This brief case study relates to joint owner’s responsibilities when there is an usufruct. We received an enquiry from a man saying that on his wife’s death a few years ago he was granted the usufruct of her half of the property. He retained ownership of his half as the property had been purchased in their joint names in equal shares.
However since her death, he has actually paid all the expenses of the property including property tax, house insurance, repairs, redecoration and replacement of damaged or broken items, drain repairs etc. He has also been paying the insurance premiums, gardener and cleaner, plus repainting of the property
and renewing the roof.
His late wife’s children will inherit one half of the property on his death, and his remaining half he will leave in his Will to be inherited by his daughter.
He was wondering what payments his stepchildren should be making to assist?
Also as he pays the insurance premiums every year who would receive the insurance money if the house was destroyed?
The answer on this case study was quite clear
The man is a 50% owner and has the usufruct (right to stay in the house for the rest of his life) from his wife (as per her Will).
The law is clear. Co-owners must contribute with the maintenance of the house according with the percentage of ownership.

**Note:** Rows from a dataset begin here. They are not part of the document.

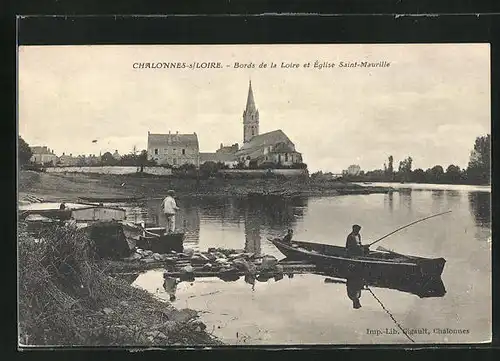 AK Chalonnes-sur-Loire, Bords de la Loire et Èglise Saint-Maurille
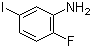 structure of CAS# 886362-82-9, 2-Fluoro-5-iodoaniline;2-Fluoro-5-iodophenylamine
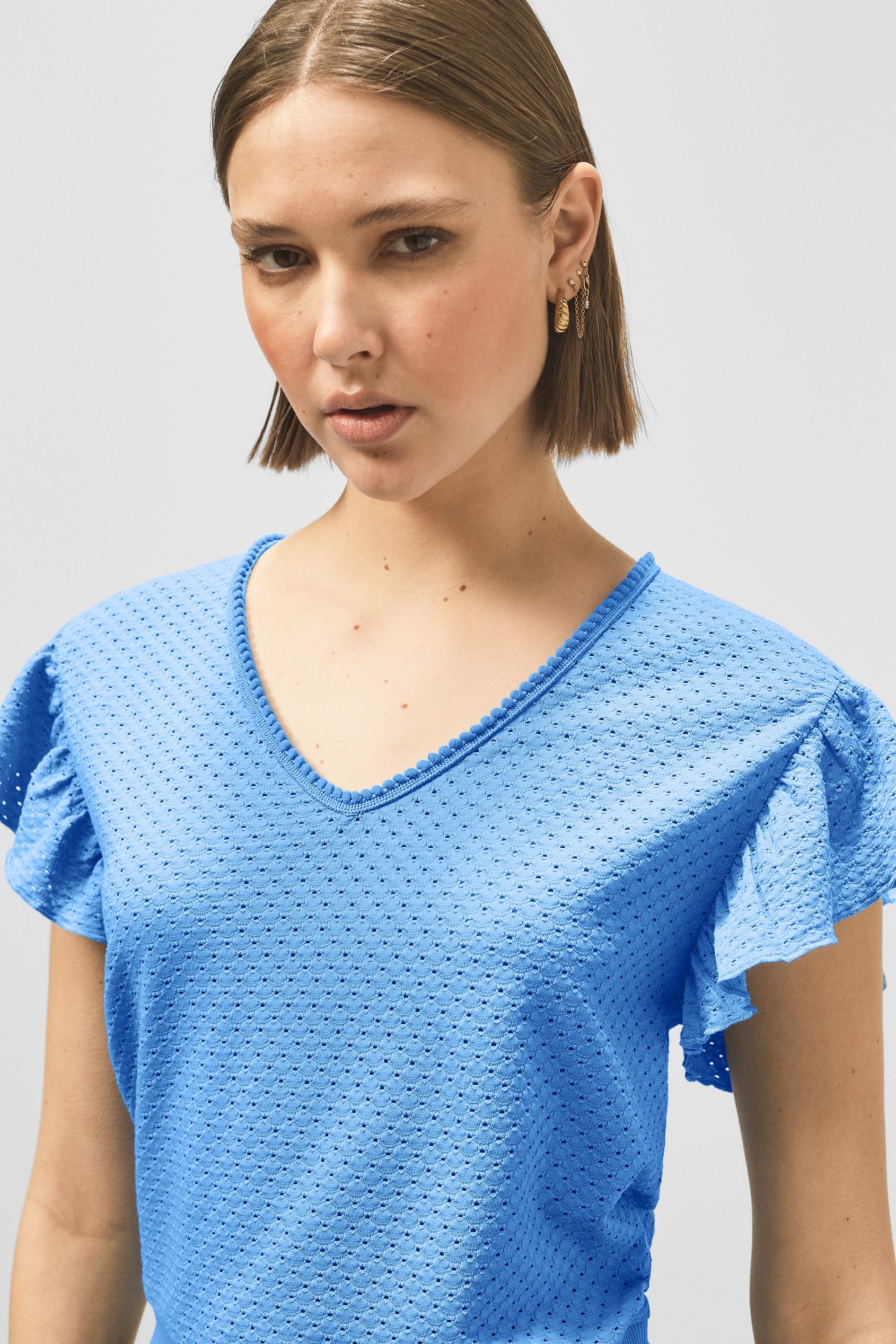Frill Sleeves Mash Textured Jersey T-Shirt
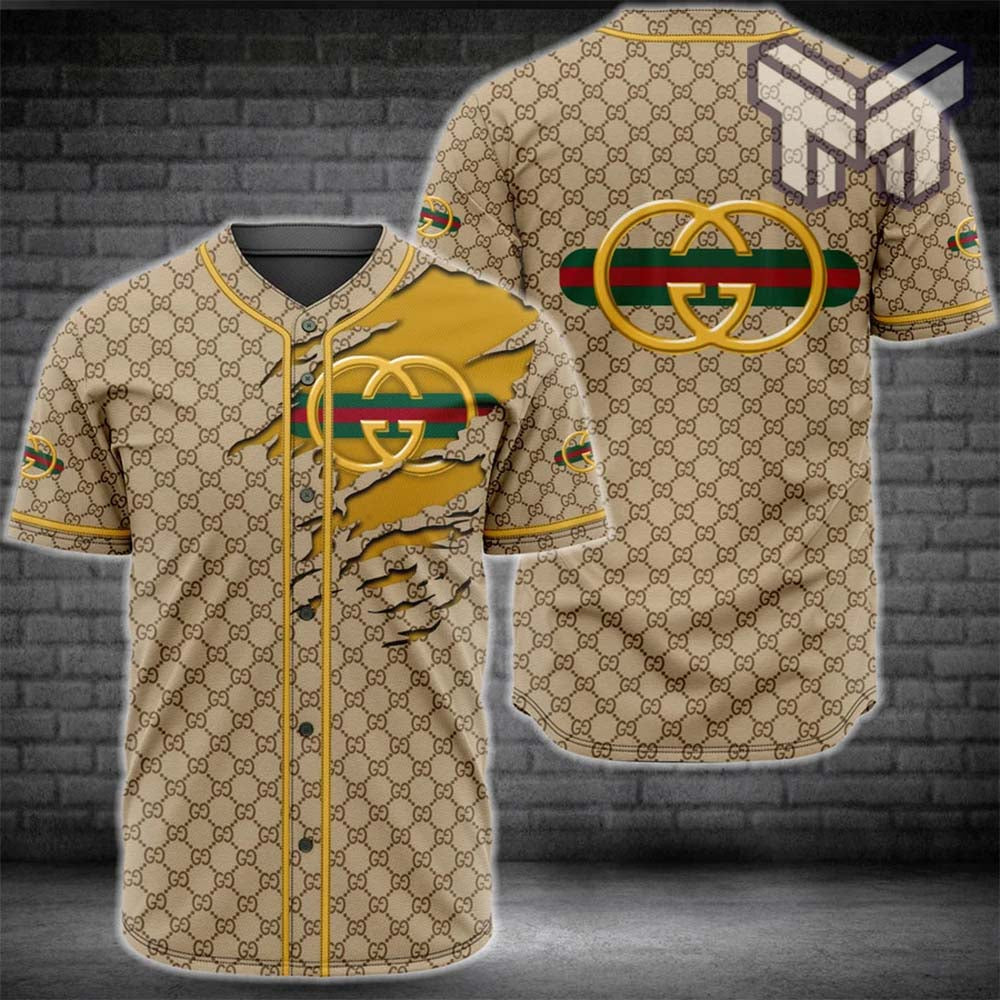 Gucci Brown Baseball Jersey Shirt Luxury Clothing Clothes Sport For Men Women Hot  Type02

Therefore, this gentleman could (if he wished) claim 50% of the expenses required to maintain the house, including community fees, IBI/Suma property tax, house insurance, plus other items.
What he could not claim is water, electricity, the utilities,because he has possession of the house and so is using those, not the children who were left ownership and will inherit.
In relation to the insurance it depends on the policy. But normally you can choose the beneficiary of the insurance, so he should name himself as a beneficiary.